[Task goal] Retype only the lines that run from the top of the material below to the line bearing "What Is The", inclusive, and keep the pictures out.

= Beginning of Section =

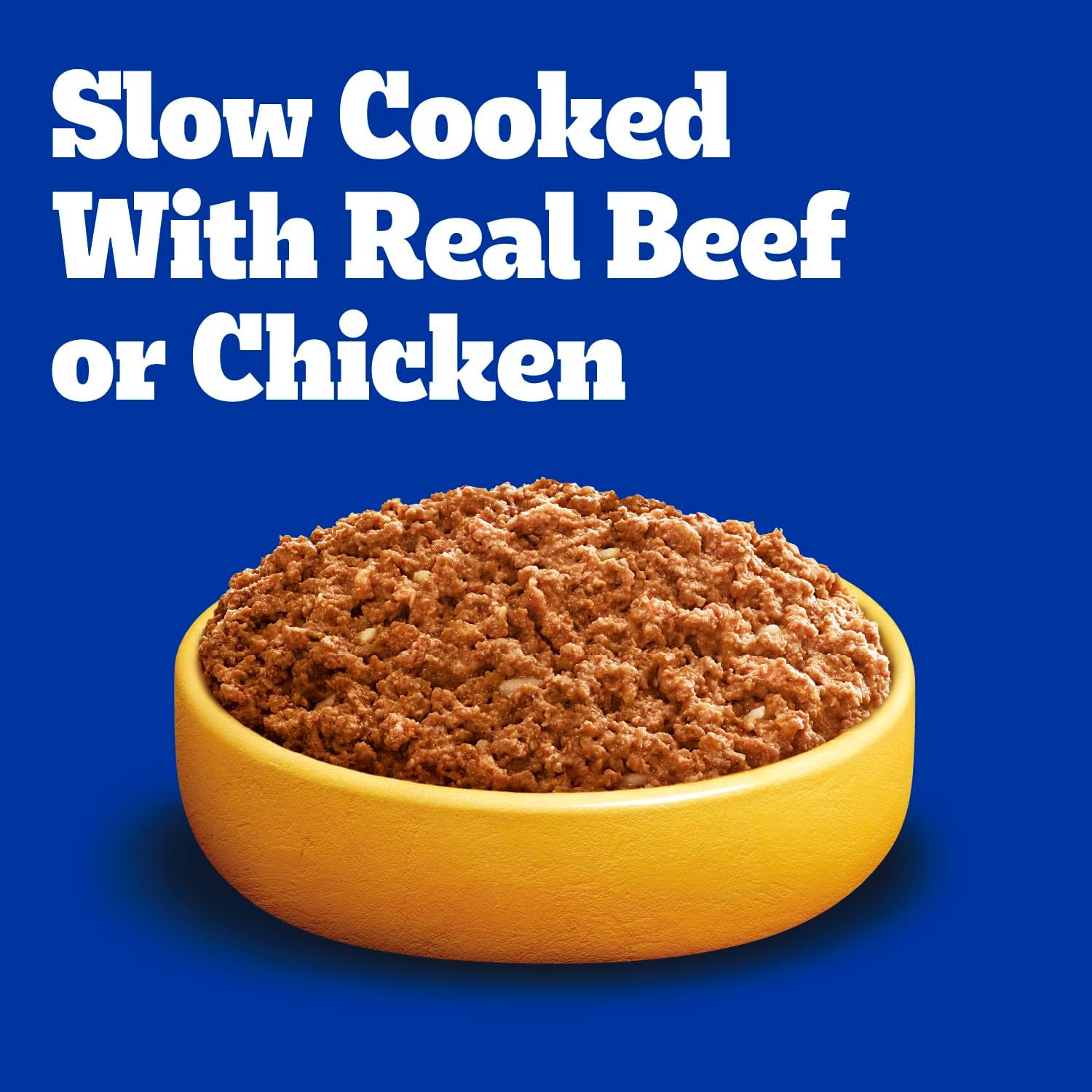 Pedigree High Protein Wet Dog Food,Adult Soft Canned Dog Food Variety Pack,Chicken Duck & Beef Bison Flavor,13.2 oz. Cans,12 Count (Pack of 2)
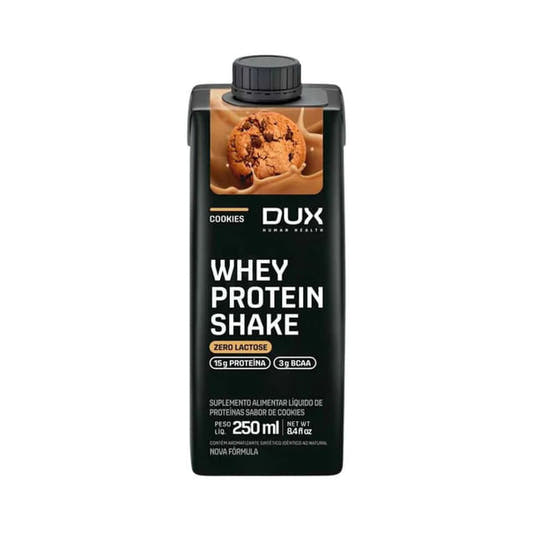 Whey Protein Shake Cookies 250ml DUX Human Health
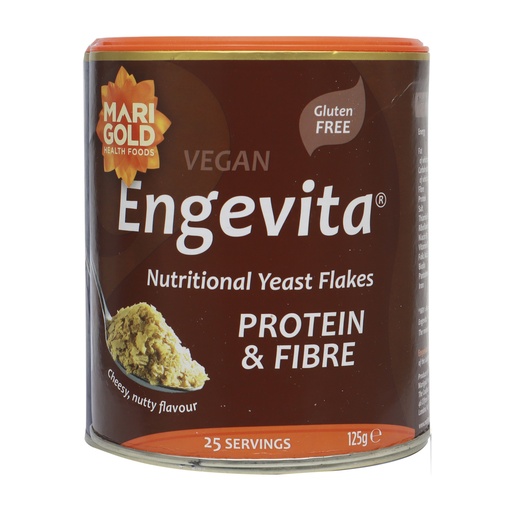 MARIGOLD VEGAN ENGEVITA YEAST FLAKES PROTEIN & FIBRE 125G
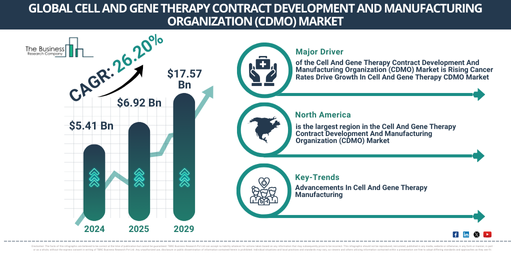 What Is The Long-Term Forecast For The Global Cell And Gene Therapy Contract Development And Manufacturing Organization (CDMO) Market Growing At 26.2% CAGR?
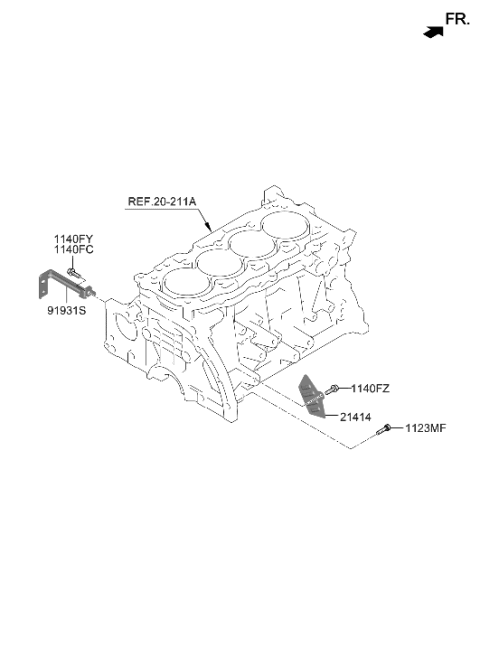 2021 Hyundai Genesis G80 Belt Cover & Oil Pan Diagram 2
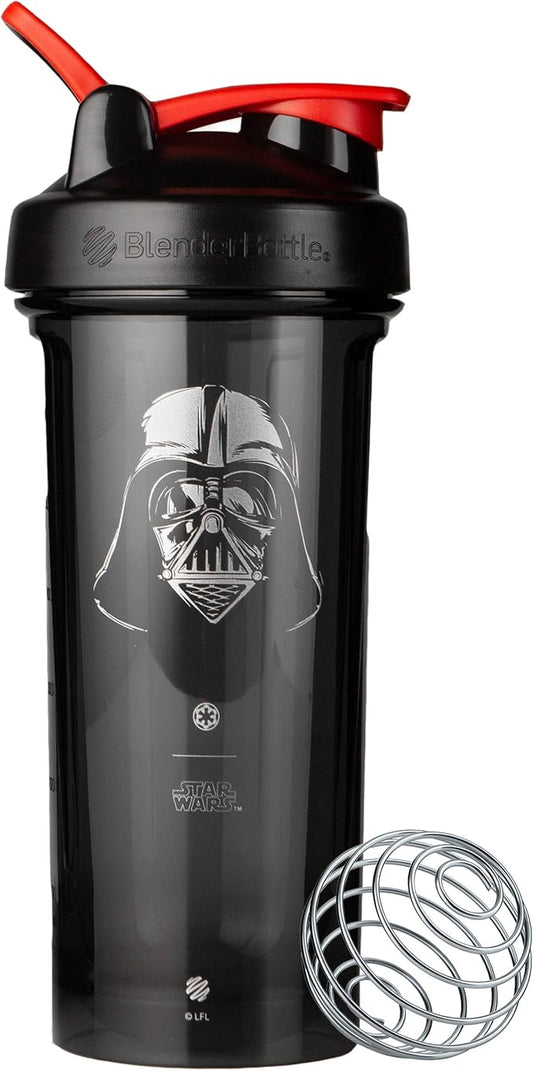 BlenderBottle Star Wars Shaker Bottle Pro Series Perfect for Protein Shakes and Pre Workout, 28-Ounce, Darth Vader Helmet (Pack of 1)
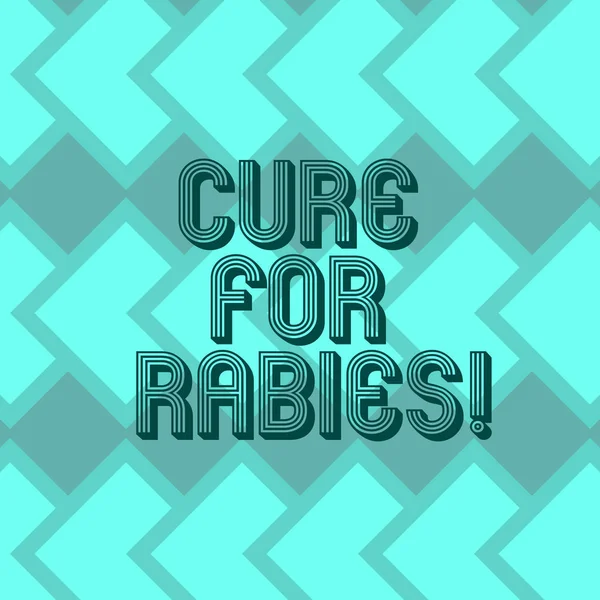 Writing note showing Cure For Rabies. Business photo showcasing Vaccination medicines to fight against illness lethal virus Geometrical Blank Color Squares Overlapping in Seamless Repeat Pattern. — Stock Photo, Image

= End of Section =

[Answer to this task]
 Pedigree High Protein Wet Dog Food,Adult Soft Canned Dog Food Variety Pack,Chicken Duck & Beef Bison Flavor,13.2 oz. Cans,12 Count (Pack of 2)
 Whey Protein Shake Cookies 250ml DUX Human Health
 MARIGOLD VEGAN ENGEVITA YEAST FLAKES PROTEIN & FIBRE 125G
 What Is The Long-Term Forecast For The Global Cell And Gene Therapy Contract Development And Manufacturing Organization (CDMO) Market Growing At 26.2% CAGR?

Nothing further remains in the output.